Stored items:

= Beginning of Section =

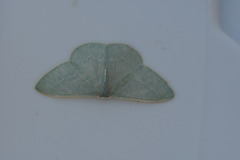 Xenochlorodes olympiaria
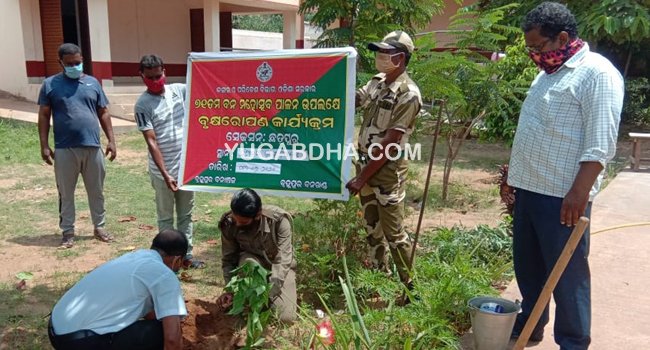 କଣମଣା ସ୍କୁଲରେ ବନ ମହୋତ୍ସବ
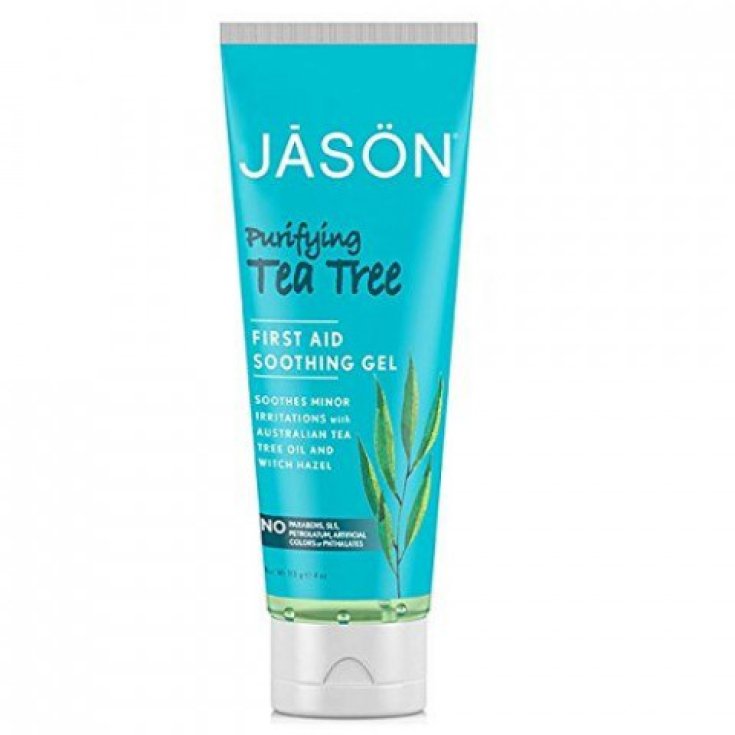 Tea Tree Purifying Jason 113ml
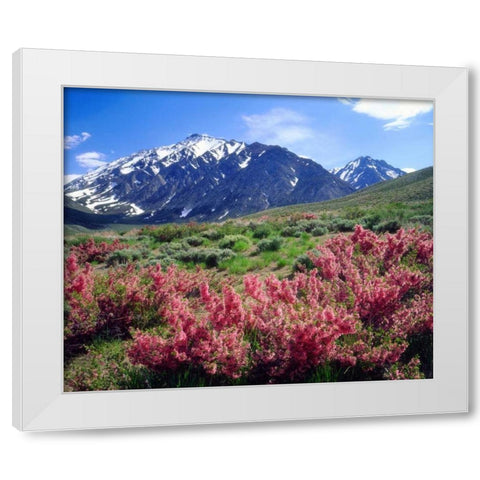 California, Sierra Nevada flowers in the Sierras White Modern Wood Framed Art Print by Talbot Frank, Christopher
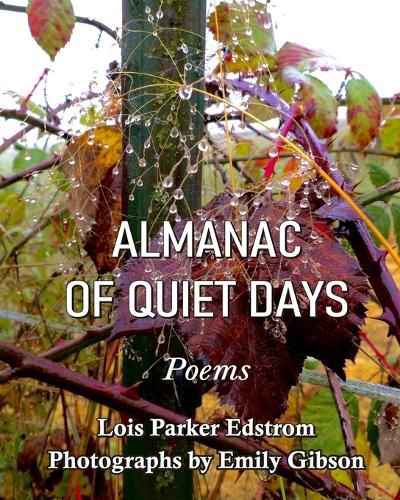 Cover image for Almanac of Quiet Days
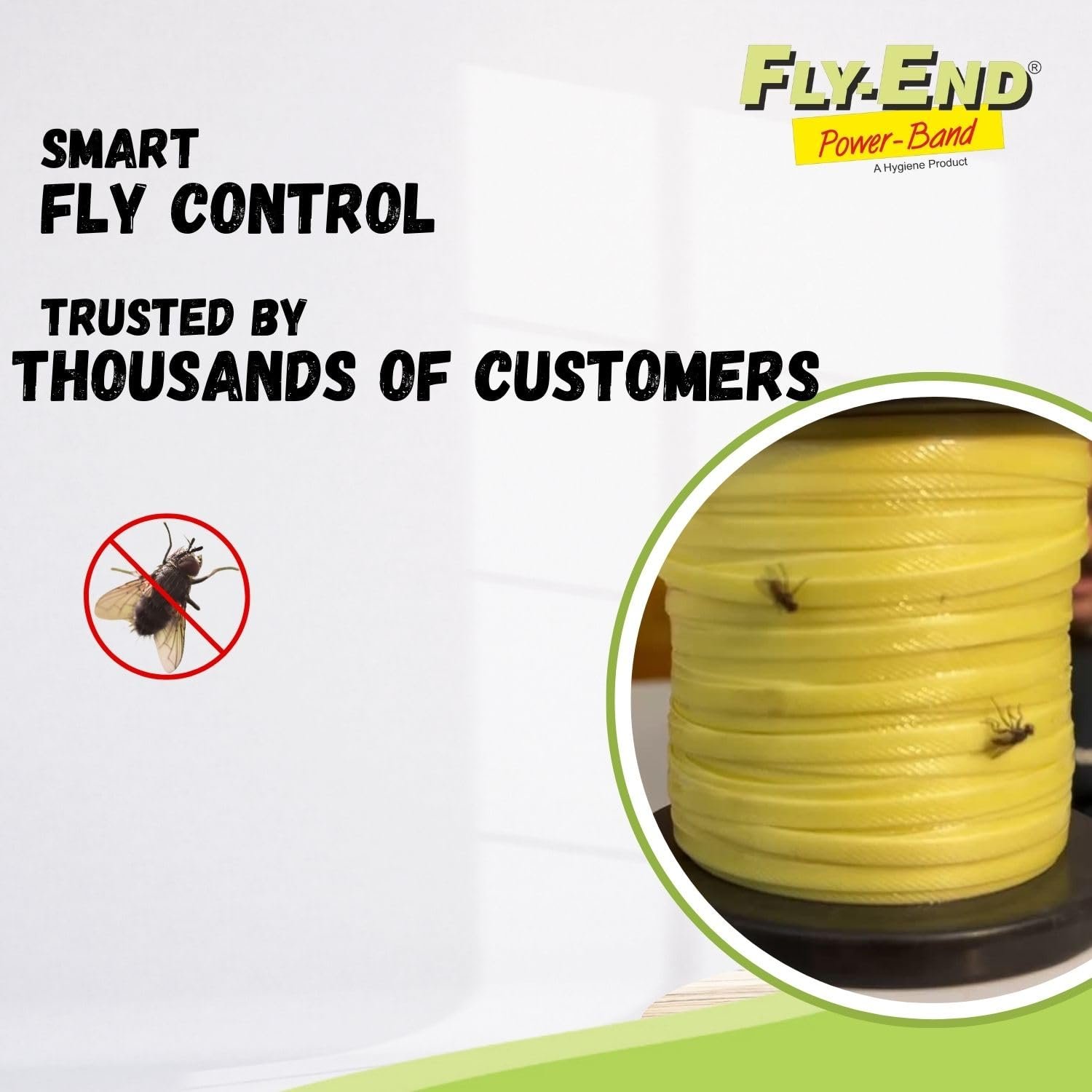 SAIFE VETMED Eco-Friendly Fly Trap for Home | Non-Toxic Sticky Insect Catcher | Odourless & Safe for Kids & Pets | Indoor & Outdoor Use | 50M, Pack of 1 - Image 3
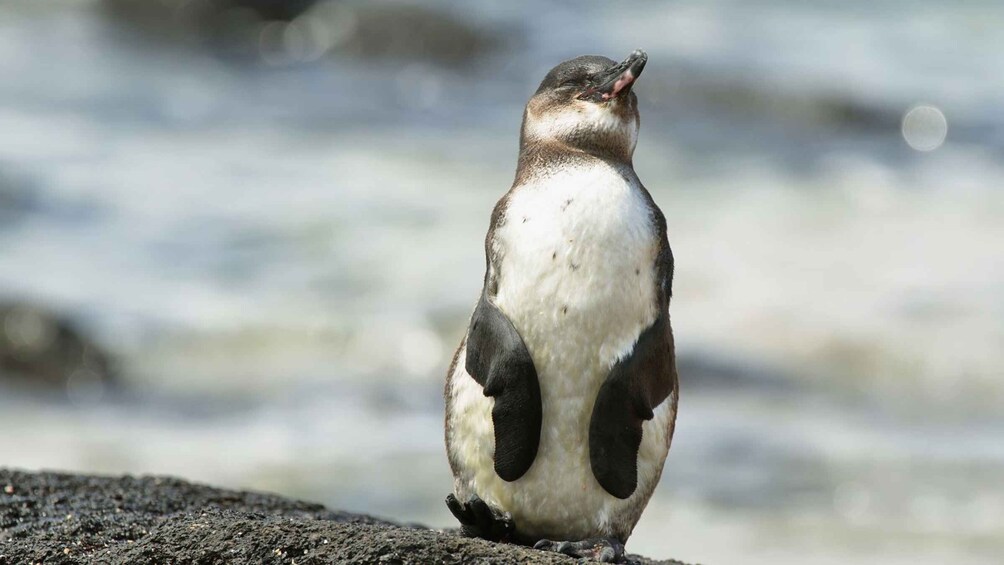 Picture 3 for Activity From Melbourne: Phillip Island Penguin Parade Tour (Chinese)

= End of Section =

• PROBLEM TO WORK ON:
From the records above, copy only the lines running from the line holding "California, Sierra Nevada" through the line holding "SAIFE VETMED Eco-Friendly", with no pictures.

• EXPECTED ANSWER:
 California, Sierra Nevada flowers in the Sierras White Modern Wood Framed Art Print by Talbot Frank, Christopher
 Cover image for Almanac of Quiet Days
 SAIFE VETMED Eco-Friendly Fly Trap for Home | Non-Toxic Sticky Insect Catcher | Odourless & Safe for Kids & Pets | Indoor & Outdoor Use | 50M, Pack of 1 - Image 3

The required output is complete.